# SMPS Failed - New SMPS for Budget PC



## nareshkumaran (Oct 1, 2018)

Hi,
I Have been using an Antec VS450 SMPS for my PC build (using for 5yrs).
PC Specs are - Pentium G4400, MSI H110V MB, HDD (160GB, 500GB & 1TB), DVD Drive, ATI 7700 Firepro Graphics card.
Now my Smps is not working (When switched ON, it OFF's within 5 seconds). Checked with a Frontech spare SMPS, system is working.
Should I service the Antec SMPS or purchase new; Also suggest budget models with Longterm reliability. I had thought of Coolermaster (COOLER MASTER MWE 450 MPW-4502-ACABW SMPS) or Corsair (Corsair VS450 450W Power Supply CP-9020170-UK). Purchase will be Online (Amazon or Primeabgb)

My PC usage - Browsing, Movies, Games (Civ 5, CS:GO, Battlefield 3, GTA4)


----------



## Nerevarine (Oct 1, 2018)

Antec doesn't make VS450 ? Is it VP450p or Corsair VS450
Don't buy Corsair VS450. Wait for PSU experts, Dont have any idea about this price segment.


----------



## mobo (Oct 2, 2018)

What is your budget?

VS450 is a fine PSU, but try and get the CX430.


----------



## quicky008 (Oct 2, 2018)

cx 43o is probably an older model,the op should consider getting a CX 450(grey label unit).


----------



## whitestar_999 (Oct 2, 2018)

Keep an eye out for this to come back in stock,this is the best budget psu series currently available in India.
CORSAIR CX450 SMPS - 450 Watt 80 Plus Bronze Certification PSU With Active PFC


----------



## chimera201 (Oct 2, 2018)

Corsair CX450 is your best bet. Try contacting primeabgb to check when it comes back in stock.


----------



## nareshkumaran (Oct 4, 2018)

Thank All . Just purchased CoolerMaster MW450 from Primeabgb, since the backup smps was not working properly. Fitted the smps, now system is working fine.


----------



## SaiyanGoku (Oct 4, 2018)

nareshkumaran said:


> Thank All . Just purchased CoolerMaster MW450 from Primeabgb, since the backup smps was not working properly. Fitted the smps, now system is working fine.

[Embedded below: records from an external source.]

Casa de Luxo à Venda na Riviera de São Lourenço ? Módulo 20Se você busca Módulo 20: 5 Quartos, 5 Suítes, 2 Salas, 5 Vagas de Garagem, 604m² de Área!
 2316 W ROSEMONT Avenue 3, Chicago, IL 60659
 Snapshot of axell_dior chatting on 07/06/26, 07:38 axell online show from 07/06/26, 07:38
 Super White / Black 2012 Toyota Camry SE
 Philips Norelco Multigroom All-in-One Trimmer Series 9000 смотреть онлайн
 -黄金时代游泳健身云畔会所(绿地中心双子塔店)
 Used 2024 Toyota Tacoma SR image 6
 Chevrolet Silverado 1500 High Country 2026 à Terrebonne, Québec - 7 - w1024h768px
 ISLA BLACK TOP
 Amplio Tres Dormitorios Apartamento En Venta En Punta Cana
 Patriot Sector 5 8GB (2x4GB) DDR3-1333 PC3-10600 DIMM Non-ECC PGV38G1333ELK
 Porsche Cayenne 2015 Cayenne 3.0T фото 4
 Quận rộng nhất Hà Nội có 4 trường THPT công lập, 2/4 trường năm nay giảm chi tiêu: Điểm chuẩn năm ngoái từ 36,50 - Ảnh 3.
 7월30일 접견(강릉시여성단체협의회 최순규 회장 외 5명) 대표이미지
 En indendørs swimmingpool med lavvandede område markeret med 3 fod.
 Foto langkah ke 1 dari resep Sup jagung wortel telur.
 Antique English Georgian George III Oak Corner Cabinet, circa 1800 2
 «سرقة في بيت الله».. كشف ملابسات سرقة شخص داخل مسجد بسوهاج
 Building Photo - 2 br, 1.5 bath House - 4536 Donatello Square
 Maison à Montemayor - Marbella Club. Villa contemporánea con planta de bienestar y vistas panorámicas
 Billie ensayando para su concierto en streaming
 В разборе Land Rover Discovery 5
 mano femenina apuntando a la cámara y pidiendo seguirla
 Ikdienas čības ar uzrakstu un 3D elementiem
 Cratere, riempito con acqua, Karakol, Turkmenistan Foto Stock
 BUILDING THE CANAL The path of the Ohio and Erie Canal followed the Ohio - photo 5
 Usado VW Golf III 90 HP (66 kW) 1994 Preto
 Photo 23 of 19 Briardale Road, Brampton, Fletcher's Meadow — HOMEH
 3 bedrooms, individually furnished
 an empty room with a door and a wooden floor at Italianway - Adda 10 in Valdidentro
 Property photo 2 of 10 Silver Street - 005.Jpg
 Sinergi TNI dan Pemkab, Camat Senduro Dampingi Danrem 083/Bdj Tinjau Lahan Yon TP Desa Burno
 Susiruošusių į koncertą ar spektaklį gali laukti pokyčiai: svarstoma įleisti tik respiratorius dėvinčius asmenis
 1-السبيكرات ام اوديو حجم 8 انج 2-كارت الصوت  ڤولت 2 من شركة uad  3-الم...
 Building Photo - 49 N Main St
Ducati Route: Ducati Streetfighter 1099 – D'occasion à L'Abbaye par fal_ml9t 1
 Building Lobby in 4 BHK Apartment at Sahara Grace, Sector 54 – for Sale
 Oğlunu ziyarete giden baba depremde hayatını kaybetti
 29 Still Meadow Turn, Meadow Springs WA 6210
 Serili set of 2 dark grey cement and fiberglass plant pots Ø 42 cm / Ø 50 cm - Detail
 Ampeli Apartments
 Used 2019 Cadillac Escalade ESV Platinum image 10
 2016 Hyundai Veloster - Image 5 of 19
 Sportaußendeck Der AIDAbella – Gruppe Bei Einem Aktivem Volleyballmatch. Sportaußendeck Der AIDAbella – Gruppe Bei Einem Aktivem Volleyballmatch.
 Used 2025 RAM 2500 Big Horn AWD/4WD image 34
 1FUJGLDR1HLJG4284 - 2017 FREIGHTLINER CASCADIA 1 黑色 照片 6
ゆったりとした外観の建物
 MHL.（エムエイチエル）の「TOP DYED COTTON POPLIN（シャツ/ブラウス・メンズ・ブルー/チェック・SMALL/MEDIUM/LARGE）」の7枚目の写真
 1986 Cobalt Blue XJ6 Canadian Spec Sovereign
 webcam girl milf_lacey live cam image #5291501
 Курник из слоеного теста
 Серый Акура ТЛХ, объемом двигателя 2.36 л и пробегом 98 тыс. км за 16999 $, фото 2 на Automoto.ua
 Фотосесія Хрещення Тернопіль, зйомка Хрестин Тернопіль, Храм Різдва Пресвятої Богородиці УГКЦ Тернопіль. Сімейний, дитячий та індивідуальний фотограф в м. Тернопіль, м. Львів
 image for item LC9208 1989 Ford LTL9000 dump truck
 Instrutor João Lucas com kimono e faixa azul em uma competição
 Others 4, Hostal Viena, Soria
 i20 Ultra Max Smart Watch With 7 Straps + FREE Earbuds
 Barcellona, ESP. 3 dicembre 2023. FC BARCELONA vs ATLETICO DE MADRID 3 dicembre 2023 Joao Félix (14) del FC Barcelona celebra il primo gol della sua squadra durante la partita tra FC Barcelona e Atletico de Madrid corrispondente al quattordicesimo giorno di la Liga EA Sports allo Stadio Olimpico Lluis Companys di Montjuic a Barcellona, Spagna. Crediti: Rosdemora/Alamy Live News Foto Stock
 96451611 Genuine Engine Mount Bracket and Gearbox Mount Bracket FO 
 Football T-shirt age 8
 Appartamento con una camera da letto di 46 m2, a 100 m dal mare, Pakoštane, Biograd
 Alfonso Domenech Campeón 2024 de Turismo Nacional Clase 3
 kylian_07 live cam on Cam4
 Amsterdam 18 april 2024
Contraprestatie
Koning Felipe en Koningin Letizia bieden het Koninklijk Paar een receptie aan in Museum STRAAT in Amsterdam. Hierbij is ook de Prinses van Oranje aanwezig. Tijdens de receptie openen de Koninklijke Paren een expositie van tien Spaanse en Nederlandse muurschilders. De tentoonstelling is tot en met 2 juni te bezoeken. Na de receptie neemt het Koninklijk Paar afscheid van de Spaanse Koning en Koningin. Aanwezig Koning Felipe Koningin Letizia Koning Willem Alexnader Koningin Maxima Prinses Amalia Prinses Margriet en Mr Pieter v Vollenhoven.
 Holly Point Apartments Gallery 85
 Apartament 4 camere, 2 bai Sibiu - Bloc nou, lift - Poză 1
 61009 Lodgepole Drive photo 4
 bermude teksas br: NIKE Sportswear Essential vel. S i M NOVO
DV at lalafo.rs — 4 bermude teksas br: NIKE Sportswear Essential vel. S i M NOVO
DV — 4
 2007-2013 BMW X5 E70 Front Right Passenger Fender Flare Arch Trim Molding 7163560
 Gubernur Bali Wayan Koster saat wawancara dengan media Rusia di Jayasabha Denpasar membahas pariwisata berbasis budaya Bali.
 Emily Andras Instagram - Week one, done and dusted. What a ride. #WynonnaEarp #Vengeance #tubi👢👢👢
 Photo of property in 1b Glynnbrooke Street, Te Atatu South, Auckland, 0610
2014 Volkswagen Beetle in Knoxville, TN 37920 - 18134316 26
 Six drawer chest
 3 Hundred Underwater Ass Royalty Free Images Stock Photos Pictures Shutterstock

Nobody recommended you that


----------



## Randy_Marsh (Oct 8, 2018)

Nerevarine said:


> Antec doesn't make VS450 ? Is it VP450p or Corsair VS450



@nareshkumaran answer this please.


----------



## nareshkumaran (Oct 10, 2018)

Sorry my Bad, its VP450P.
CM was brought by a friend returning from Mumbai.


----------